Top of Given records
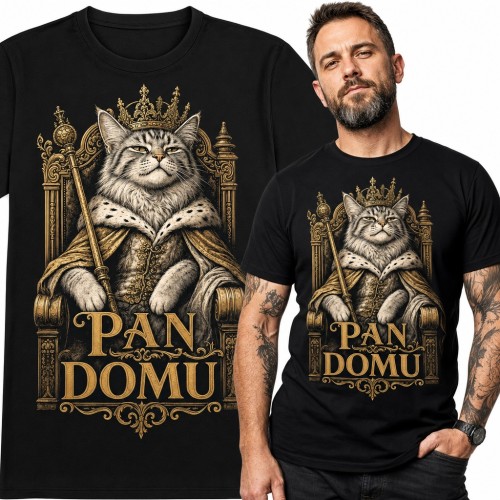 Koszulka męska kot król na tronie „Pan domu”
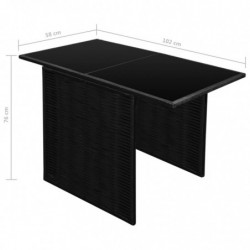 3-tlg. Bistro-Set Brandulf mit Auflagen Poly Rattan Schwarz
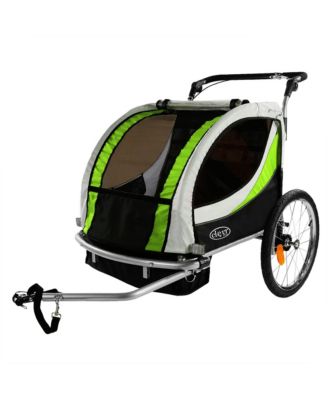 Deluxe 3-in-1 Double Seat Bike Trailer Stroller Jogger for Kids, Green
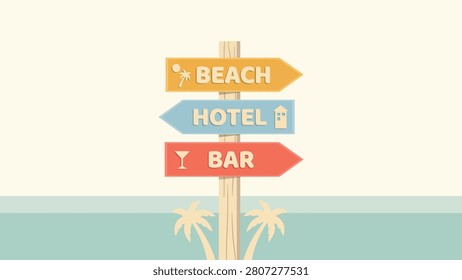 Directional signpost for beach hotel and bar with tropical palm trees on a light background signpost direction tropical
Bottom of Given records
Top of Given records
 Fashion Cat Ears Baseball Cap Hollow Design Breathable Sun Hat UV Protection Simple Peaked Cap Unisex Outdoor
Bottom of Given records
#### How to complete this task
A word-for-word reproduction is needed of the lines above from the line containing "Deluxe 3-in-1 Double" through the line containing "Directional signpost for", with both ends kept and no pictures.

#### Output of the exercise
 Deluxe 3-in-1 Double Seat Bike Trailer Stroller Jogger for Kids, Green
 Directional signpost for beach hotel and bar with tropical palm trees on a light background signpost direction tropical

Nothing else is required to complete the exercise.